For this exercise, repeat exactly the lines below starting at the line holding "Molex 2-контактный гнездовой" and ending at the line holding "77 de permise", both included, with no extra lines and no pictures.

Exercise material
•••••

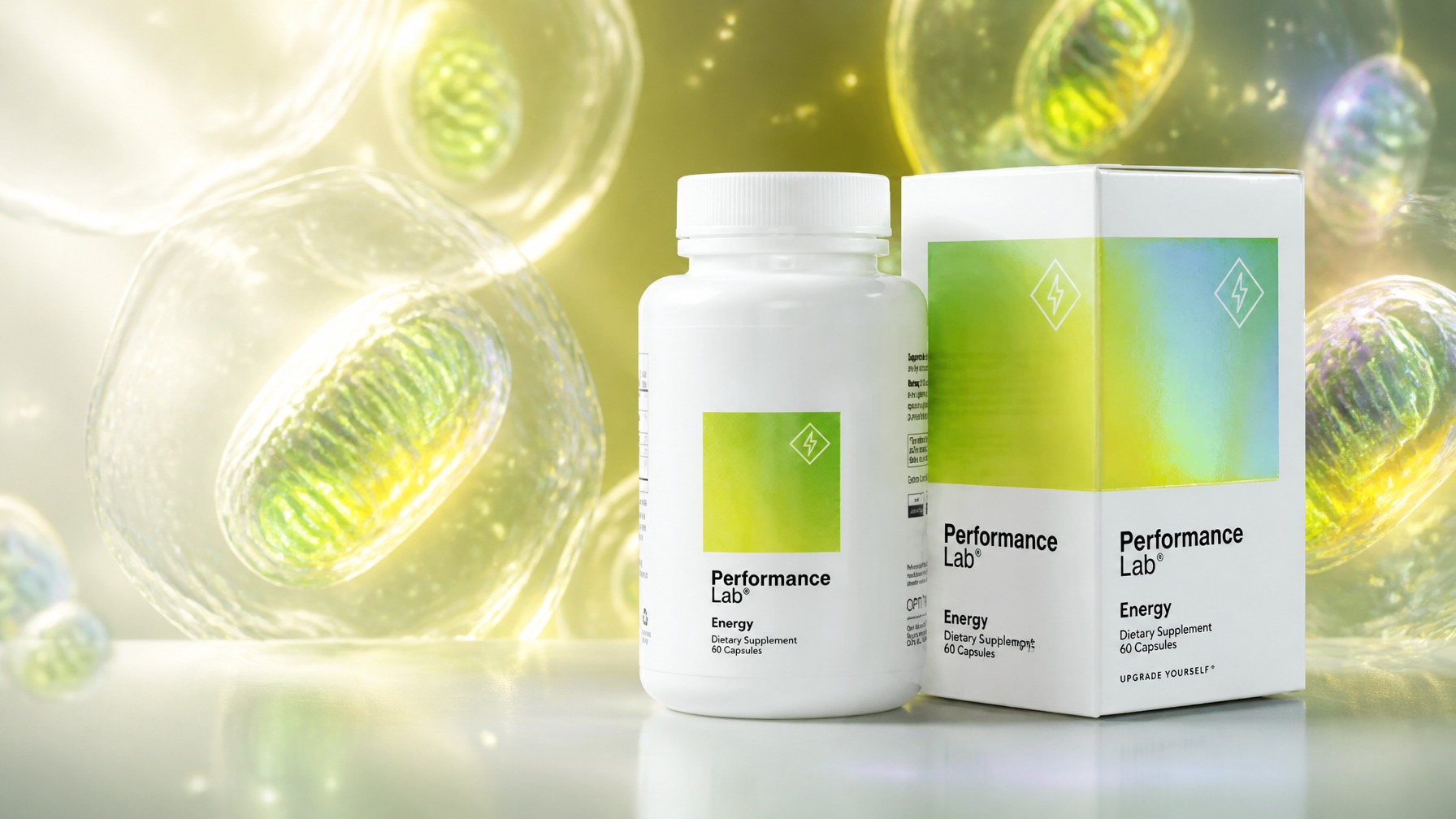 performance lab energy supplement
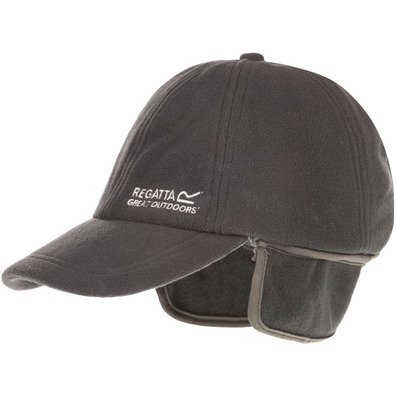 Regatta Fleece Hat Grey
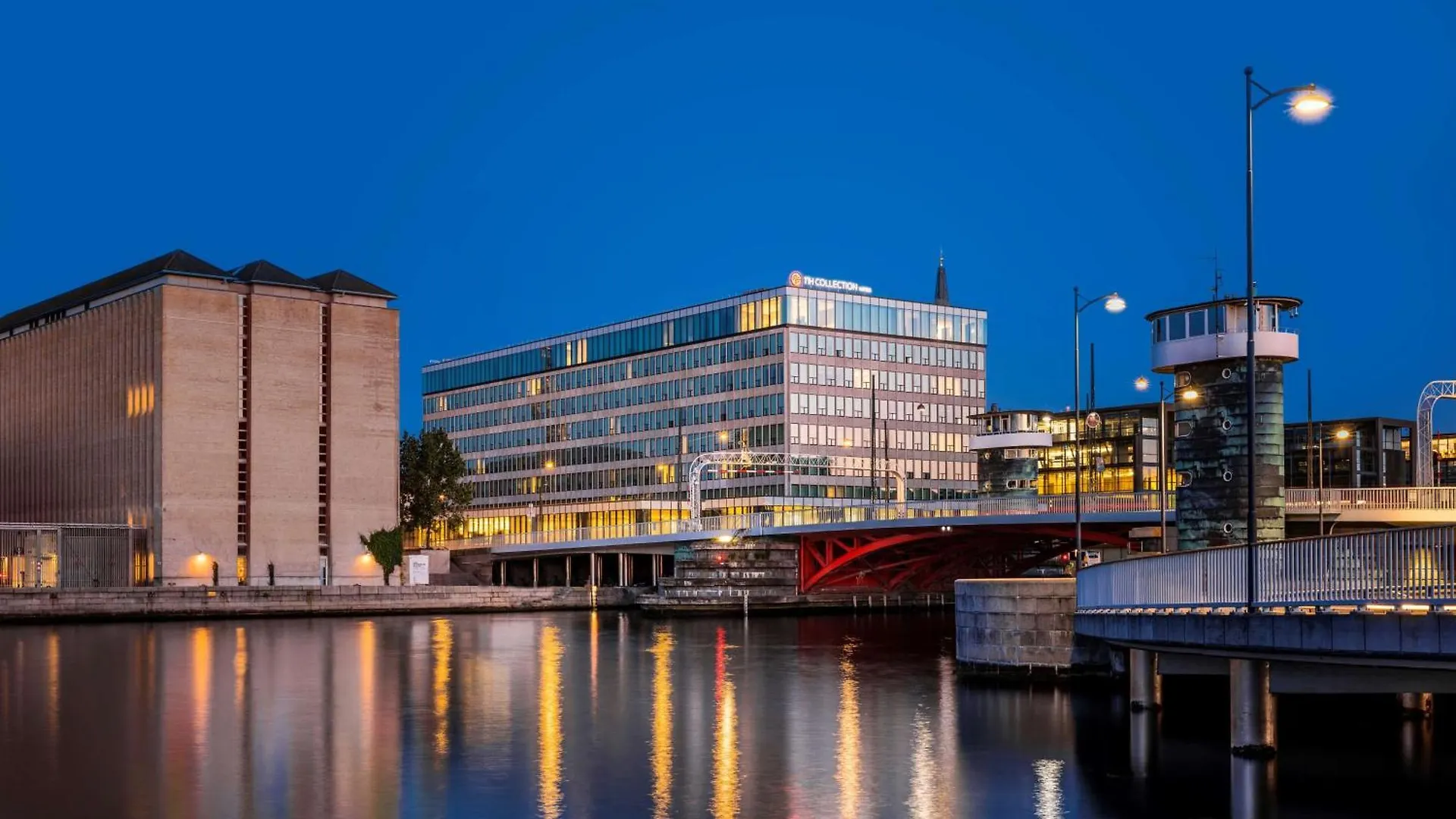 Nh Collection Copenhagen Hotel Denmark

•••••

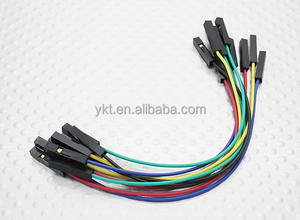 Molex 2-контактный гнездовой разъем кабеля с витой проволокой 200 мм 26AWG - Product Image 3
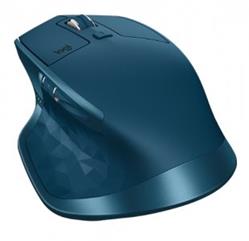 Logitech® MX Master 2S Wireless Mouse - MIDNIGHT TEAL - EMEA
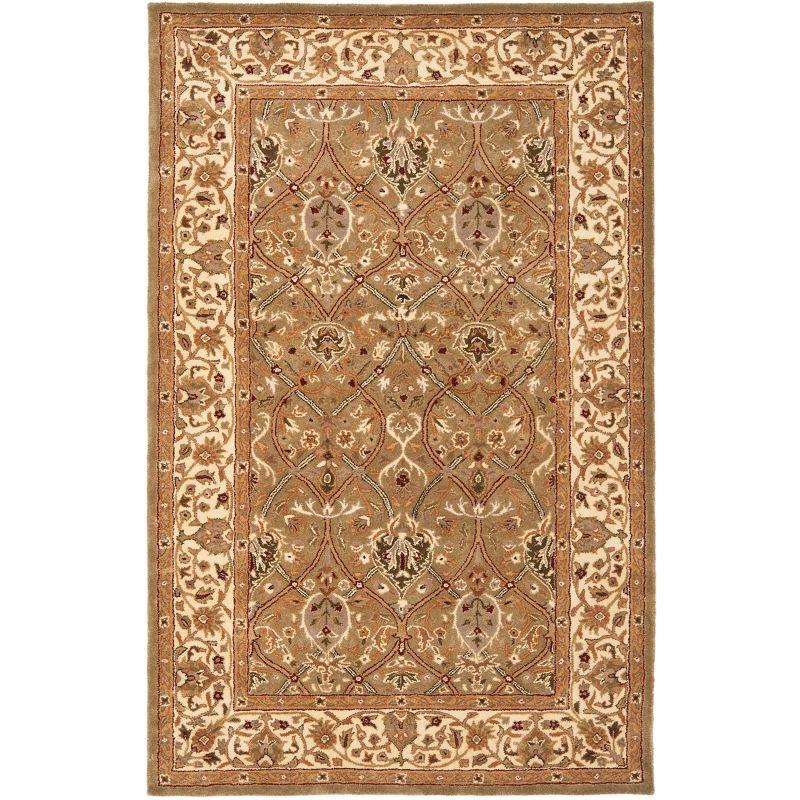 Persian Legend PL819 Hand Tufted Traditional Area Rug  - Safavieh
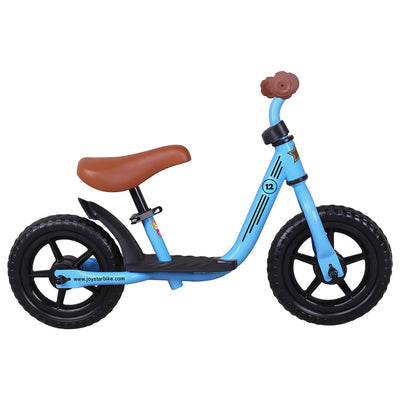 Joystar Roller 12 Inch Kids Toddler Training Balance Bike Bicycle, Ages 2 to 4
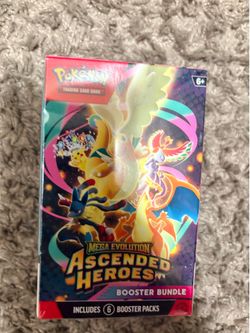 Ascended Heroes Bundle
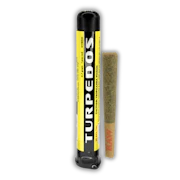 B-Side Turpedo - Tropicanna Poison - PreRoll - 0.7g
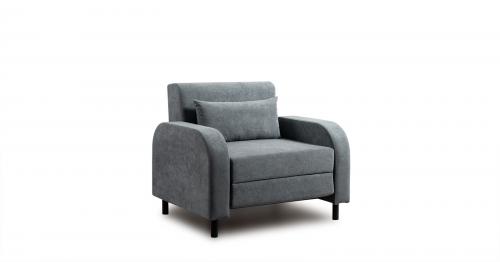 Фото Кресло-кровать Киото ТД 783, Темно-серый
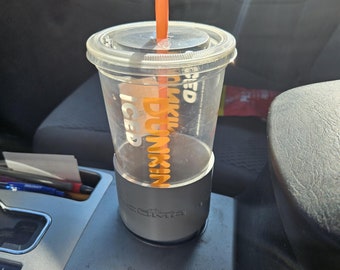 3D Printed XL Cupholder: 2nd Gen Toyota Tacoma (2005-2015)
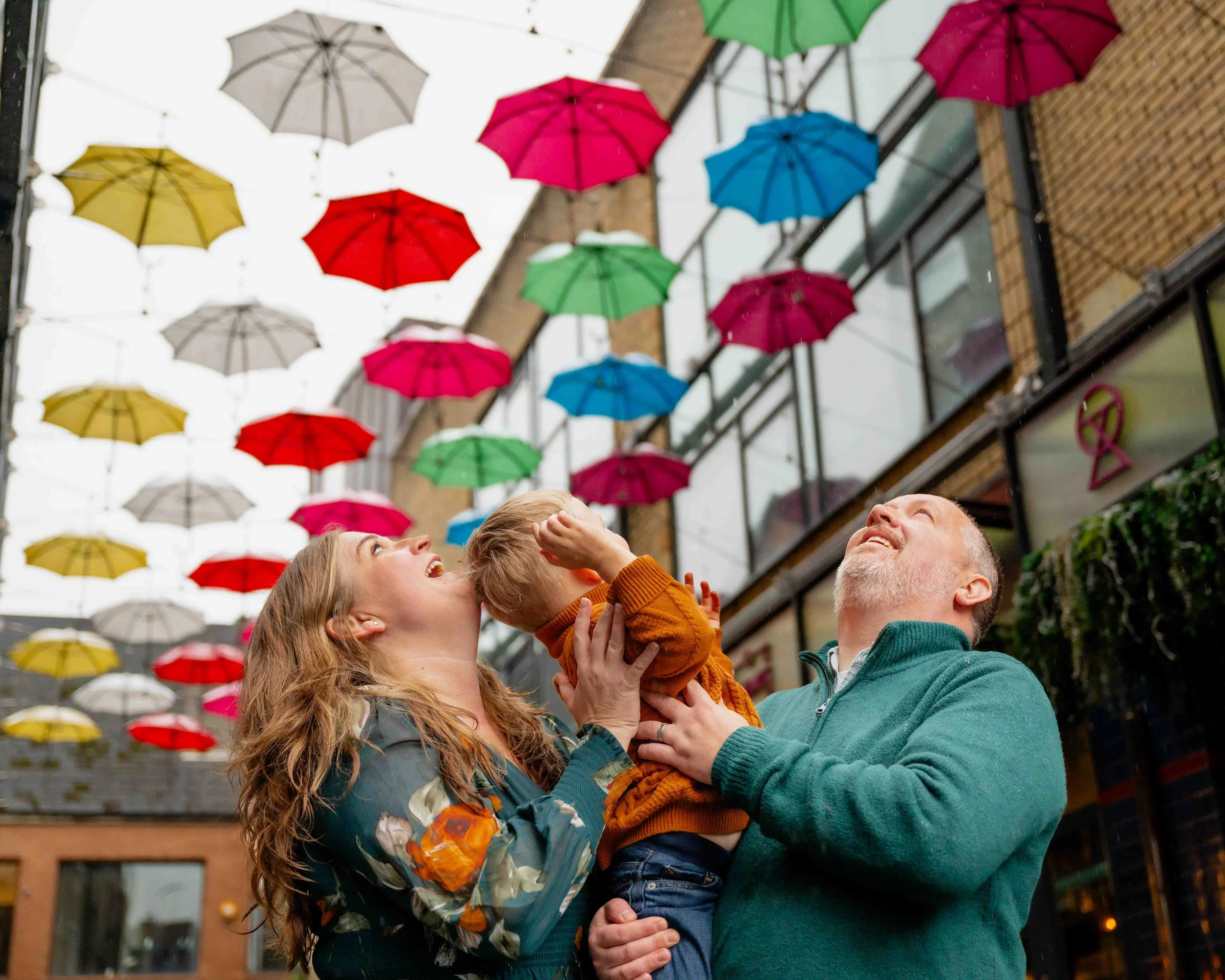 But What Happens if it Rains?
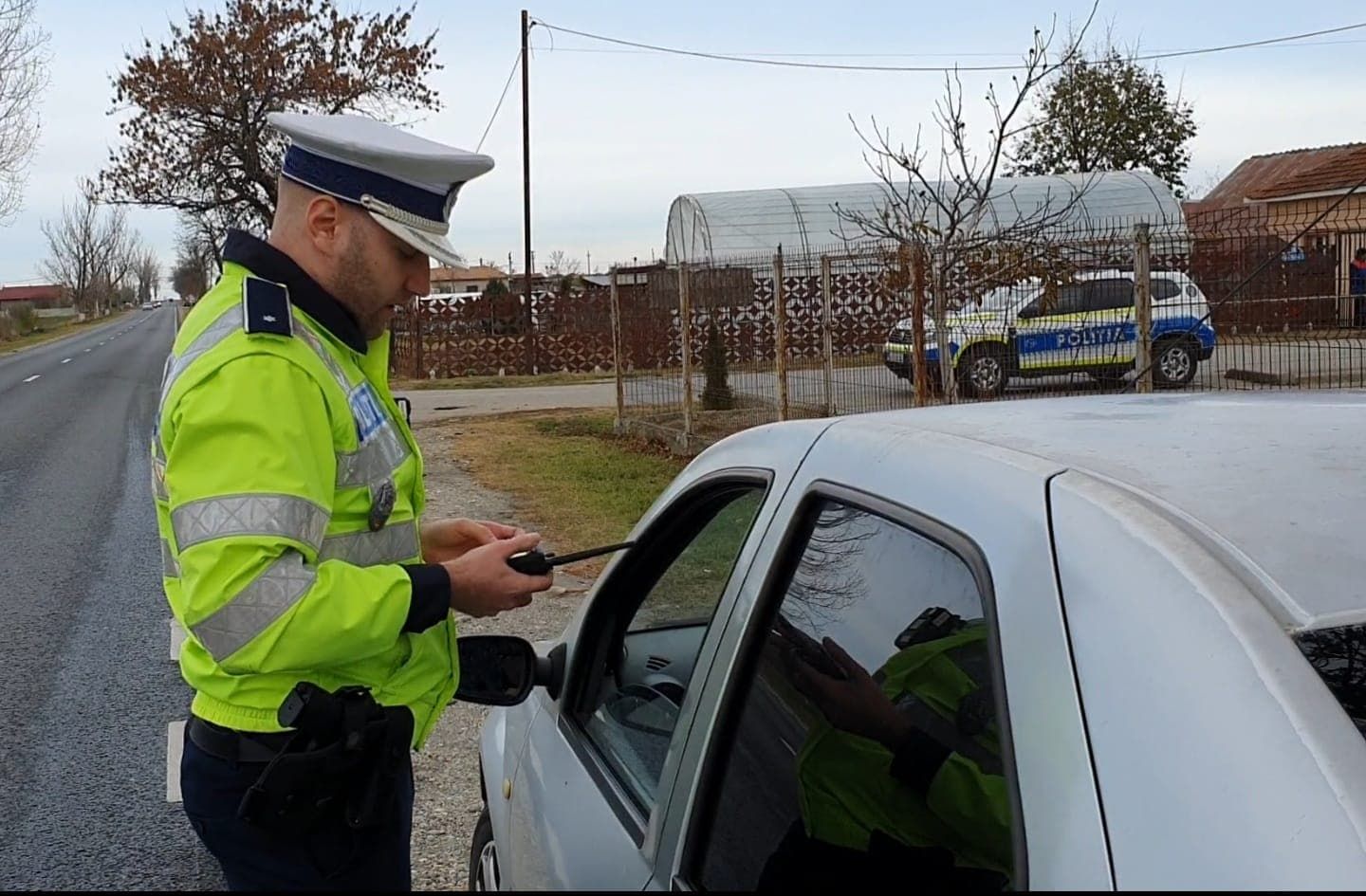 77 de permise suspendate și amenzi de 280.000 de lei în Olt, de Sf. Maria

•••••

Exercise answer
 Molex 2-контактный гнездовой разъем кабеля с витой проволокой 200 мм 26AWG - Product Image 3
 Logitech® MX Master 2S Wireless Mouse - MIDNIGHT TEAL - EMEA
 Persian Legend PL819 Hand Tufted Traditional Area Rug  - Safavieh
 Joystar Roller 12 Inch Kids Toddler Training Balance Bike Bicycle, Ages 2 to 4
 Ascended Heroes Bundle
 B-Side Turpedo - Tropicanna Poison - PreRoll - 0.7g
 Фото Кресло-кровать Киото ТД 783, Темно-серый
 3D Printed XL Cupholder: 2nd Gen Toyota Tacoma (2005-2015)
 But What Happens if it Rains?
 77 de permise suspendate și amenzi de 280.000 de lei în Olt, de Sf. Maria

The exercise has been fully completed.